A complainant who makes false allegations of unethical & improper practices or about alleged
wrongful conduct of the Subject to the Vigilance Officer or the Audit Committee shall be subject
to appropriate disciplinary action in accordance with the rules, procedures and policies of the
Company.

CONFIDENTIALITY / SECRECY
The complainant, Vigilance Officer, Members of Audit Committee, the Subject and everybody
involved in the process shall, maintain confidentiality of all matters under this Policy, discuss
only to the extent or with those persons as required under this policy for completing the
process of investigations and keep the papers in safe custody.
PROTECTION
No unfair treatment will be meted out to a Whistle Blower by virtue of his/ her having reported
a Protected Disclosure under this policy. Adequate safeguards against victimisation of
complainants shall be provided. The Company will take steps to minimize difficulties, which the
Whistle Blower may experience as a result of making the Protected Disclosure.
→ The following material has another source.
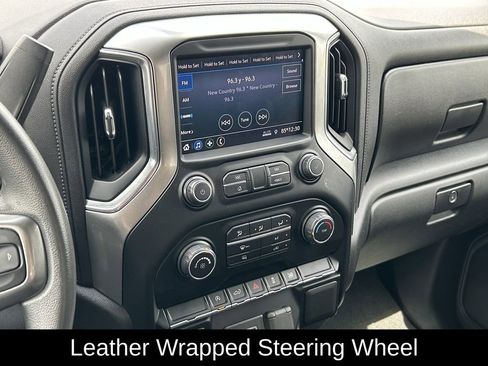 Used 2021 Chevrolet Silverado 1500 LT image 20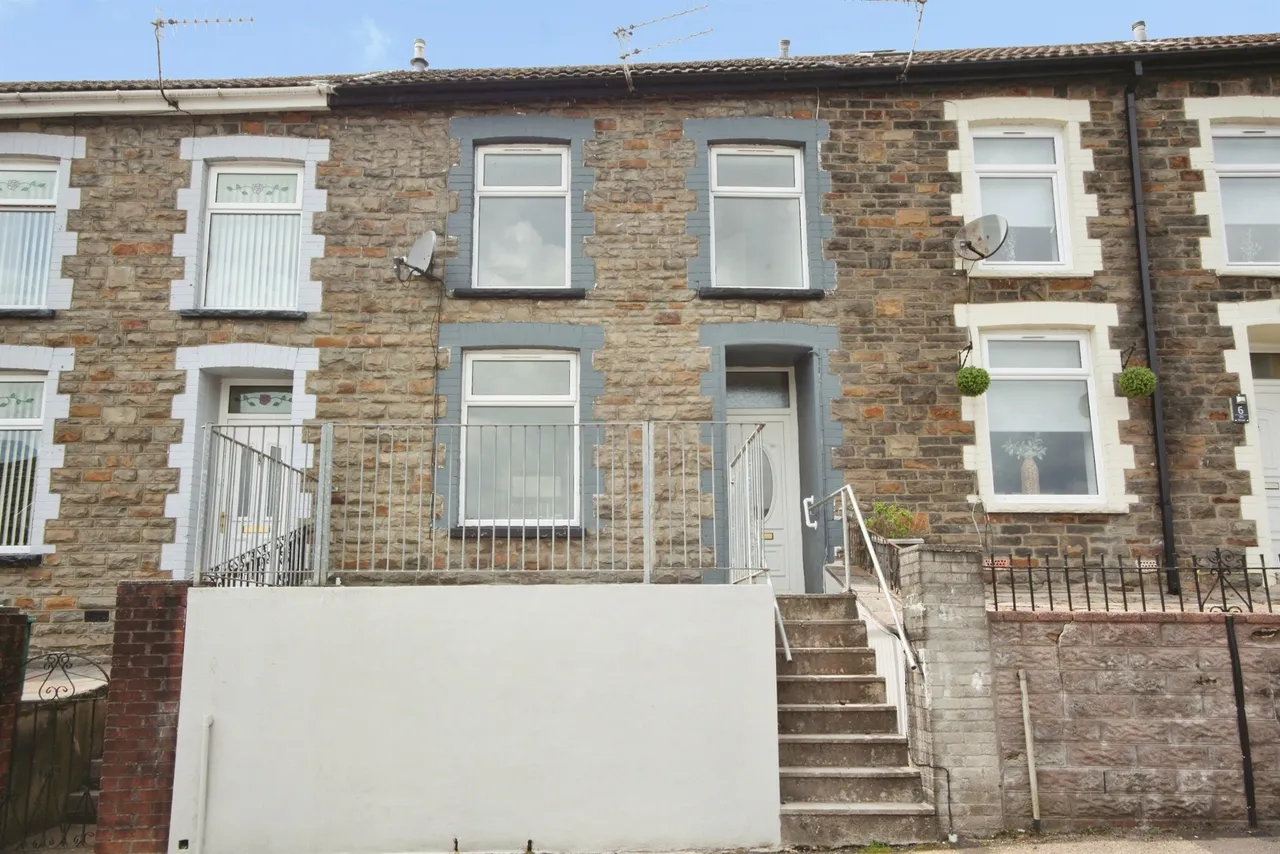 3 bed house for sale, Old Street, Tonypandy, CF40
The identity of the Whistle Blower shall be kept confidential to the extent possible and
permitted under law. Any other employee assisting in the said investigation shall also be
protected to the same extent as the Whistle Blower.
DISQUALIFICATIONS
While it will be ensured that genuine Whistle Blowers are accorded complete protection from
any kind of unfair treatment as herein set out, any abuse of this protection will warrant
disciplinary action.
Protection under this Policy would not mean protection from disciplinary action arising out of
false or bogus allegations made by a Whistle Blower knowing it to be false or bogus or with a
mala fide intention.
Whistle Blowers, who make any Protected Disclosures, which have been subsequently found to
be mala fide, frivolous or malicious, shall be liable to be prosecuted.
ACCESS TO CHAIRMAN OF THE AUDIT COMMITTEE
The Whistle Blower shall have right to access Chairman of the Audit Committee directly in
exceptional cases and the Chairman of the Audit Committee is authorized to prescribe suitable
directions in this regard.
COMMUNICATION
Directors and Employees shall be informed of the Policy by publishing on the notice board and
the website of the Company.

RETENTION OF DOCUMENTS
All Protected disclosures in writing or documented along with the results of Investigation
relating thereto, shall be retained by the Company for a period of 5 (five) years or such other
period as specified by any other law in force, whichever is more.
ADMINISTRATION AND REVIEW OF THE POLICY
The Board of Directors shall be responsible for the administration, interpretation, application
and review of this policy. The Board also shall be empowered to bring about necessary changes
to this Policy, if required at any stage with the concurrence of the Audit Committee.
AMENDMENT
The Company reserves its right to amend or modify this Policy in whole or in part, at any time
without assigning any reason whatsoever. However, no such amendment or modification will
be binding on the Directors and employees unless the same is not communicated in the manner
described as above.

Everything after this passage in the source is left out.